Но в это время в столице началась, как мы уже говорили, холера. Двор императора Николая I и его семья вынужденно перебрались в Царское Село, где в это время отдыхал с молодой женой Пушкин. Наталья Николаевна вызвала живой интерес в высшем свете, на неё обратил внимание сам император. Пушкины стали желанными гостями в салонах, поэтому не слышать разговоры великосветских красавиц о русских изумрудах и историю открытия их месторождения они не могли.
Думается, так в сказке и появился «белкин домик» – нетипичный сказочный объект. Этого домика, где шло производство драгоценных камней в промышленных, можно сказать, масштабах, не было ни в одном из предыдущих вариантов сказки. Его появление здесь позволяет предполагать, что Пушкин «придумал» сей объект уже по ходу событий, хотя и ранее знал, какими именно «стёклами» занимался 80 лет назад в своей химической лаборатории Ломоносов. Недаром поэт более двадцати лет снова и снова возвращался к событиям жизни учёного. А что мы знаем об этом «домике»?
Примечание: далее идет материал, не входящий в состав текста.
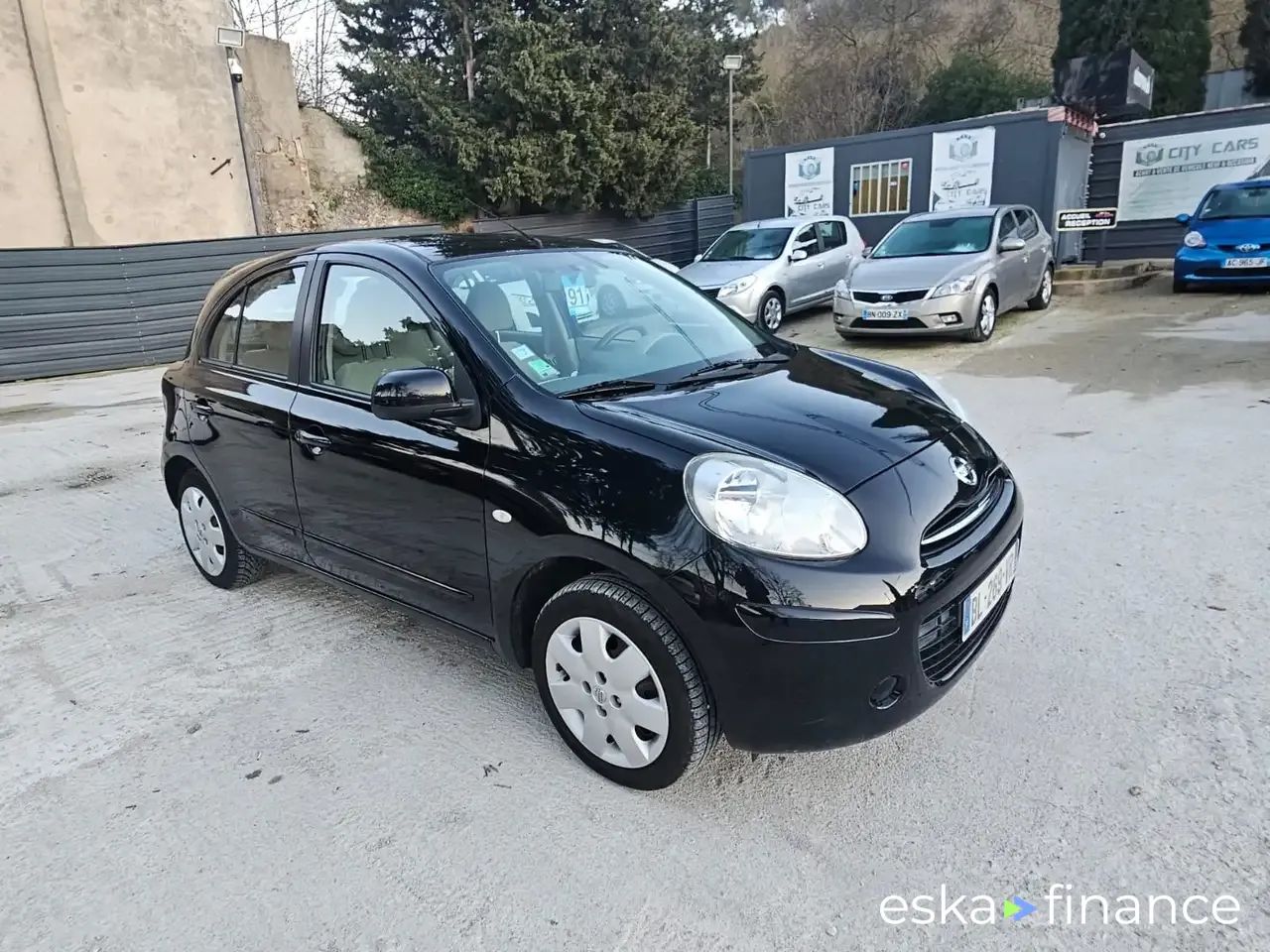 Leasing Sedan Nissan Micra 2011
Считается, что учёный здесь «химичил» в основном над составами смальт и сырья для изделий из разноцветного стекла. Уже упоминавшийся нами выше химик академик АН БССР М.А. Безбородов утверждал: «Краткое описание печного оборудования лаборатории говорило о том, что Ломоносов имел в виду основательно заниматься работами, связанными с плавкой и обжигом. Можно смело сказать, что если бы Ломоносов предполагал создать специальную силикатную лабораторию, предназначенную прежде всего для работ по химии и технологии стекла и фарфора, он не оборудовал бы её иначе, чем была оборудована его химическая лаборатория.
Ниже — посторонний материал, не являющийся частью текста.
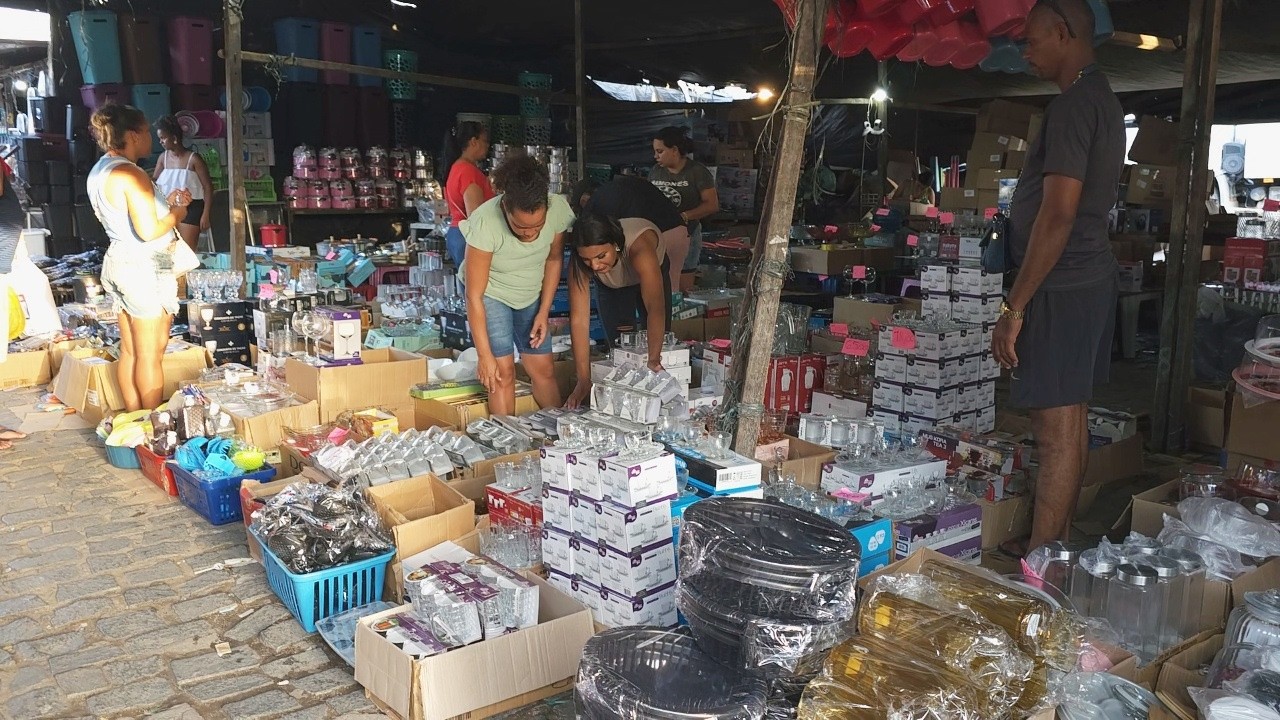 FEIRA DO ALUMÍNIO E DO PARAGUAY EM CARUARU-PE. OLHA ISTO BRASIL!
Как известно, Ломоносов действительно много занимался здесь работами по химии и технологии стекла, а также фарфора. Поэтому лабораторию Ломоносова с полным правом можно рассматривать не только как первую научную химическую лабораторию, но и как первую в России научную силикатную лабораторию, в которой он закладывал в середине XVIII века основы научного стеклоделия»[91 - Безбородов М.А. Ломоносов – основоположник научного стеклоделия // Стекло и керамика. № 4. 1948. С. 4-7.].
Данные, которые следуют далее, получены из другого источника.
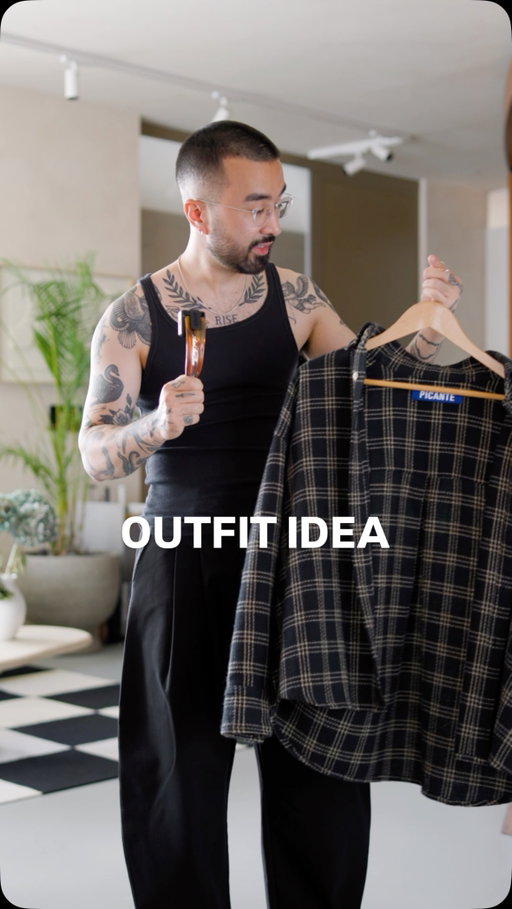 Simple outfit idea with some pleated black trousers.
Позднее в своём прошении о строительстве фабрики по производству изделий из стекла, поданном в Сенат, Ломоносов писал, что «желает к пользе и славе Российской империи завесть фабрику делания изобретённых [им] разноцветных стекол и из них бисеру, пронизок и стеклярусу и всяких других галантерейных вещей и уборов, чего ещё поныне в России не делают.». И только-то?
Но вот сделанная им тогда же запись в лабораторном журнале: «Медь дала стекло превосходное зеленое травяного цвета, весьма похожее на настоящий изумруд; зеленое, приближающееся по цвету к аквамарину; цвета печени; красивое берилловое, очень похожее на превосходную бирюзу, но полупрозрачное; цвета чёрной печени и голубое. Ртуть дала бледно-пурпурное стекло. Железо – жёлтое. Золото – рубиновое».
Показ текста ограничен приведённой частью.